Maurício Lopes adiantou detalhes da repaginação da empresa de pesquisa agropecuária e falou sobre a necessidade de aumentar a captação de recursos privados

07/12/2017 - 15h46minAtualizada em 07/12/2017 - 16h01min

Joana Colussi

Joana Colussi

De São Paulo*
 
Lopes diz que são necessários ajustes, pois o mundo da ciência e da inovação avança em alta velocidade Gerardo Lazzari / Mecânica de Comunicação
 

Há cinco anos à frente de uma das mais respeitadas instituições científicas do país, Maurício Lopes tem nas mãos o desafio de repaginar a Empresa Brasileira de Pesquisa Agropecuária (Embrapa) – em meio a uma das maiores crises de recursos voltados à ciência brasileira. Iniciada neste ano, a modernização começou pela implementação de processos mais ágeis e eficientes na sede da instituição, em Brasília. Em 2018, as mudanças deverão chegar às 46 unidades de pesquisa espalhadas pelo país.

Em entrevista à Zero Hora, durante evento sobre segurança alimentar em São Paulo, Lopes adiantou detalhes da transformação e falou sobre a necessidade de aumentar a captação de recursos privados – por meio de cobrança por tecnologias e de parcerias com empresas. O presidente também revelou articulações relacionadas à revolução agrícola na África, nova  fronteira de oportunidades para empresários brasileiros.

Como está o projeto de modernização da Embrapa?
Iniciamos o processo de mudança pela sede, diminuindo o número de unidades gerenciais e implementando uma lógica de gestão por processos, para torná-los mais ágeis e eficientes. Estamos atendendo a uma exigência legal. Em julho do ano passado, foi aprovada a lei das estatais. Tivemos também a aprovação da lei do teto, que estabelece limite para os orçamentos das empresas públicas. Há uma série de circunstâncias obrigatórias que a Embrapa tem de se ajustar e há também questões de mercado. Temos o mundo da ciência e da inovação avançando em uma velocidade muito grande. Então é absolutamente natural que as instituições procurem ajustar suas estruturas para que consigam responder a essa realidade. No próximo ano, iniciaremos processo semelhante (ao realizado na sede) nas unidades de pesquisa.

Quais modificações virão em 2018?
Uma mudança que posso adiantar é a diminuição da redundância de funções. Como a Embrapa é uma rede com 46 unidades em todo o Brasil, acabamos por manter atribuições que poderiam ser incorporadas por duas, três ou mais unidades. Muitas vezes estão muito próximas umas das outras, todas com uma instância de gestão de orçamento e de comunicação. Enfim, podemos usar esses recursos de uma maneira mais efetiva.

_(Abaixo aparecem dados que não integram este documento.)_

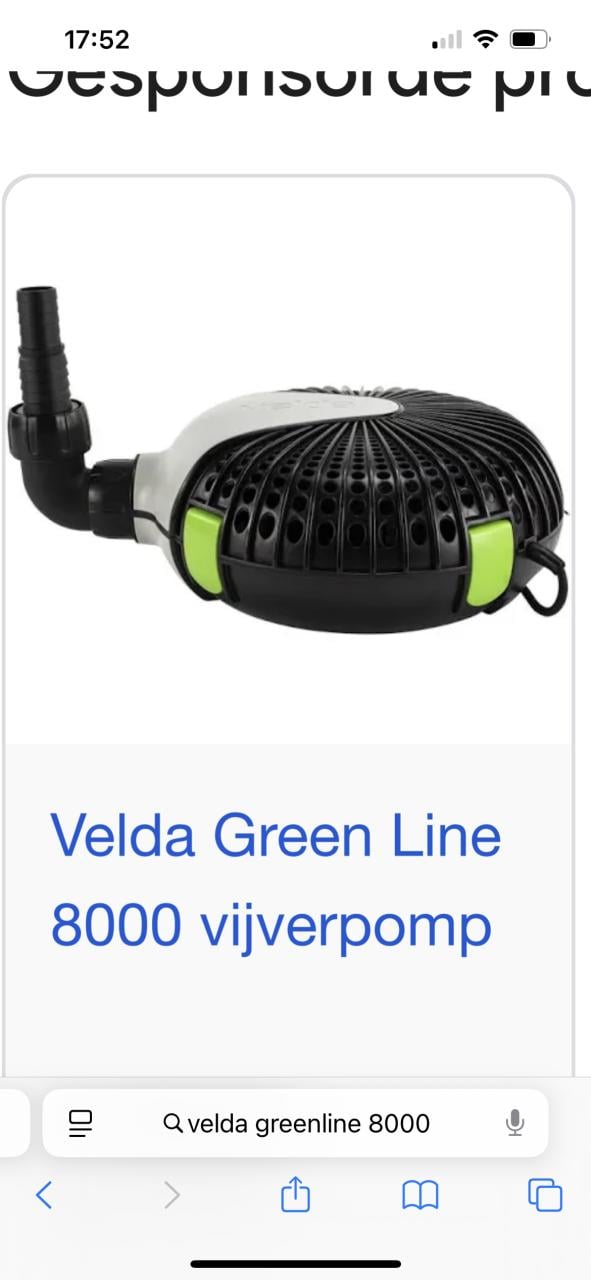 Te koop velda greenline 8000 sterke en zuinige Vijverpomp en 8000 lpu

Pode haver redução ou fusão de unidades?
Não há intenção de fechar ou diminuir unidades de pesquisa. Reduzimos as cinco de serviços porque é um modelo que não nos serve mais. Queremos que as unidades  de pesquisa atuem de maneira mais transversal e integrada. Cada vez mais, a Embrapa incorpora o conceito de território. Temos um trabalho consolidado de inteligência estratégica para olhar para todos os territórios do Brasil – dando suporte à expansão integrada e sustentável do agro brasileiro. Há outras mudanças, mas não gostaria de adiantar porque ainda não foram profundamente discutidas.

O objetivo das mudanças é tornar a Embrapa mais próxima do mercado?
A Embrapa é uma empresa relevante, reconhecida, que segue dando contribuições importantes. A principal é entregar cada vez mais valor à sociedade. Queremos ligar a empresa nessa lógica, por isso criamos um sistema de inteligência estratégica, o Agropensa, que será fortalecido para olhar e pensar adiante, ajudando segmentos importantes a ganharem mercado. Por exemplo, no setor do leite, a única maneira de se livrar dos problemas é se lançar para o mundo. Quando o Brasil começar a ser um grande exportador de leite, resolverá uma série de dificuldades. Ir ao mercado internacional significa também incorporar conhecimento e tecnologia para padronizar o produto. E a Embrapa pode ajudar nessa construção. Queremos uma empresa mais ousada e conectada ao futuro.

Esse projeto está sendo proposto justamente no momento de redução de quase 50% do orçamento da Embrapa. De que forma fazer isso?
É um velho jargão, mas cabe muito bem aqui. Um momento de crise pode ser também um momento de oportunidade. Muitos ajustes que você não conseguiria fazer em época de abundância, você realiza com mais facilidade em um momento difícil como esse. Todos os brasileiros estão preocupados com a economia. Essa é uma situação grave e séria, mas a nossa empresa é muito madura e consolidada, por isso está perfeitamente apta a pensar o papel que terá de cumprir depois que essa crise passar.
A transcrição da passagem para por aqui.